For a long time, e-commerce and environmental sustainability seemed mutually exclusive. One is driven by the “bottom line”, making the most revenue, while prioritizing customers’ needs. The other is concerned with prioritizing environmental factors while building the “conscious consumer.” However, the two concepts of e-commerce and sustainability can be mutually reinforcing. At the end of the day, a priority for both is about driving efficiencies. Bringing digital expertise and sustainable practices together should be at the forefront of strategic thinking.
Is e-commerce sustainable?
Though there has been big movements toward green commerce and for brands investing in becoming more sustainable in e-commerce practices, in general e-commerce is not a very environmentally friendly business. It’s frequently the opposite. We now live in a world where the average customer on an e-commerce platform needs instant fulfillment of their needs. They will choose the quickest and cheapest delivery method even if that means a delivery driver travels an hour each way for a $5 item in a single use plastic. Customers love the convenience of e-commerce, but as brands start cultivating the conscious consumer, increasingly customers will also value brand purpose and trust.
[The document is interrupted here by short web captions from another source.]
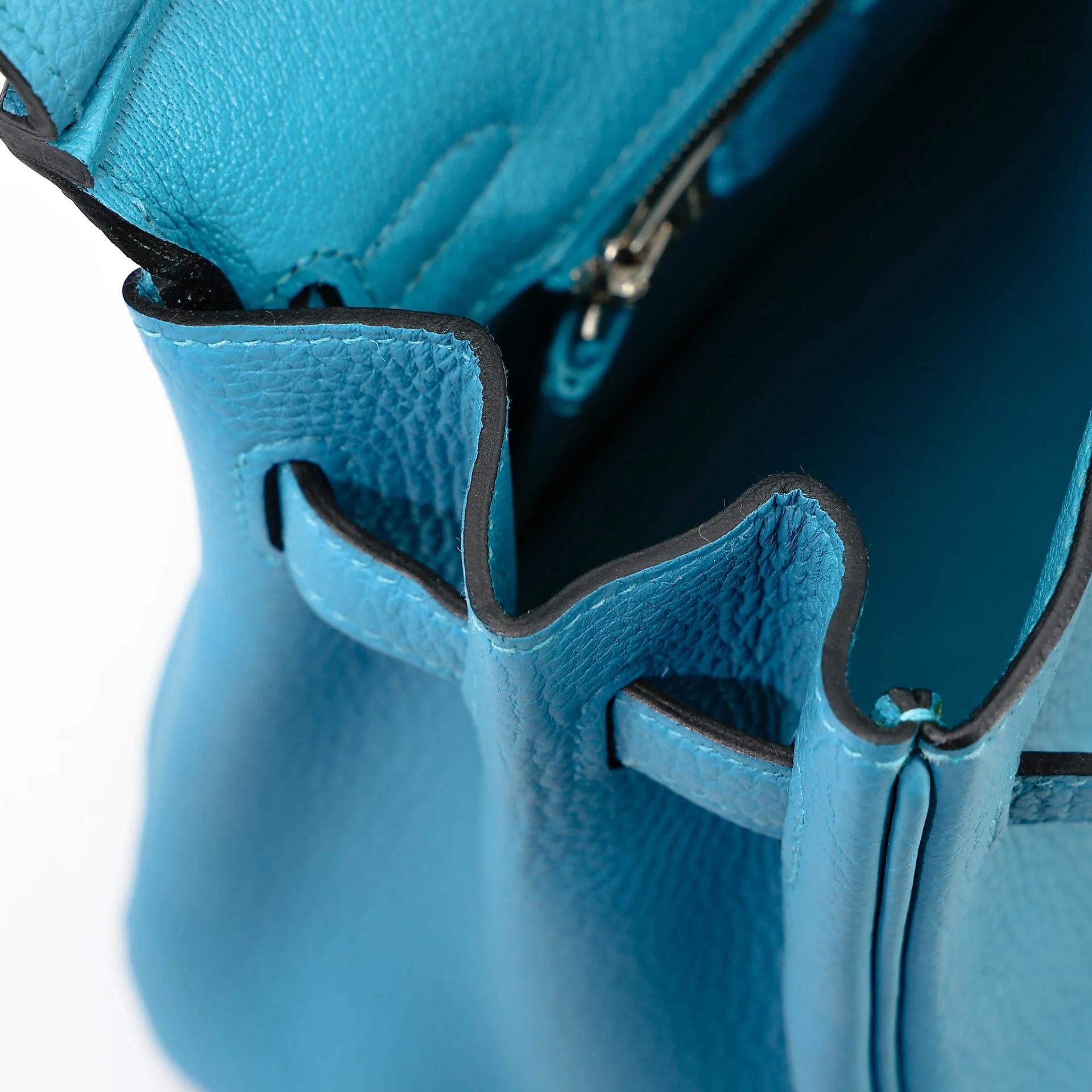 SA超美品 HERMÈS 愛馬仕 Birkin 25 7B 松石藍 Turquoise Togo小牛皮 銀扣 □R刻 2014年 - 15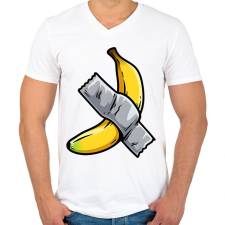 PRINTFASHION Banán művészet - Férfi V-nyakú póló - Fehér férfi póló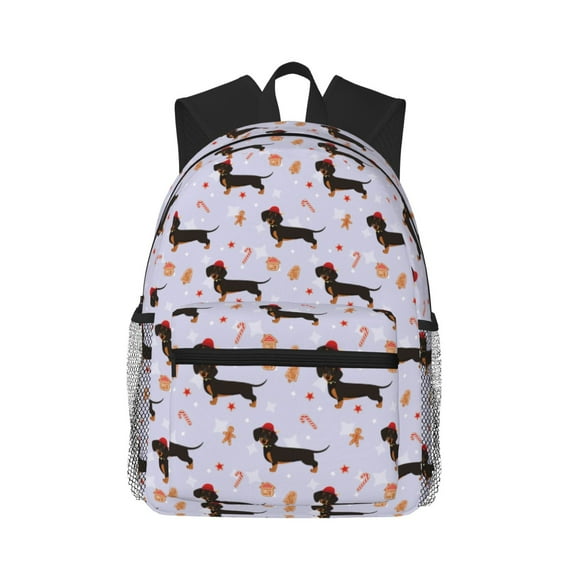 Haiem Dachshund Dog Lightweight Backpack for School, Classic Basic Water Resistant Casual Daypack for Travel with Bottle Side Pockets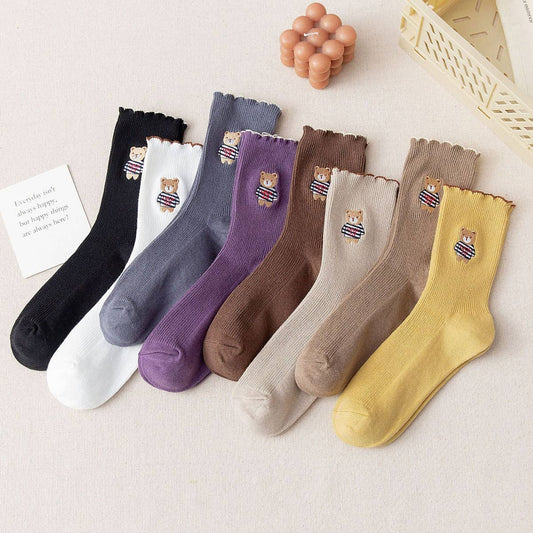 BREATHABLE AND SWEAT-ABSORBENT CARTOON BEAR SOCKS_CWMS1396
A global study reveals that consumers are four to six times more likely to purchase, protect, and champion purpose-driven companies:
This is especially true when we look at the younger generational cohorts. Research shows that younger shoppers want to buy from brands and companies that are transparent and committed to making a positive impact. Commitment in this area will build brand loyalty, yielding stronger reputation, brand affinity, and bottom-line results.
Elder Man Giving Blue Earth In The Child Hands.
Incentivize Your Consumers to be more conscious!
Retailers, like Patagonia, attract the conscious and value driven consumer and impact sustainability in a direct way. It offers a clear example of building a brand of purpose. One of Patagonia’s key value statements is to “cause no unnecessary harm.” Since 1985, 1% of all Patagonia’s sales go toward preservation and restoration of the natural environment. Consumers understand directly how their purchases from Patagonia make an impact. This is the perfect brand for a conscious consumer.
However, for the “not so conscious consumer” (or business), there is an opportunity for brands to change mindsets, drive revenue, and cultivate sustainable practices indirectly. For example, Amazon, which is credited for generating millions of pounds of plastic waste a year, has now given consumers the option to pick “No-rush shipping” or your “Amazon day delivery” which will delay delivery times, but also consolidate and minimize the number of packages at a customer’s door. So, if someone were to order five different items that could be delivered on five different days, with the option of “No-rush shipping” or “Amazon day delivery”, many items could ship together in one package. So now the consumer has a choice: Do I want this item now or later?
From a business perspective, delaying delivery helps take pressure off the supply chain. From a sustainability perspective it helps decrease carbon emissions and limit waste in packaging. Yet, most consumers don’t want to add additional wait time to their deliveries. But this is where brands have an opportunity to incentivize. Amazon offers $1 digital credit if a customer delays shipment. Though they are initially motivated by the incentive, this often becomes a habit for consumers that they understand the value of delaying shipment, and are no longer waiting or in need of an incentive to make sustainable purchasing decisions.
Investing in sustainable practices while still driving revenue for your brand starts with creating clear business goals. Invest in initiatives that accelerate the development of safer and more sustainable products and services, and find the right partners and suppliers to work with. Measure your progress and share the results publicly to educate your customer base and motivate them to make more purpose-driven, sustainable choices in their e-commerce interactions.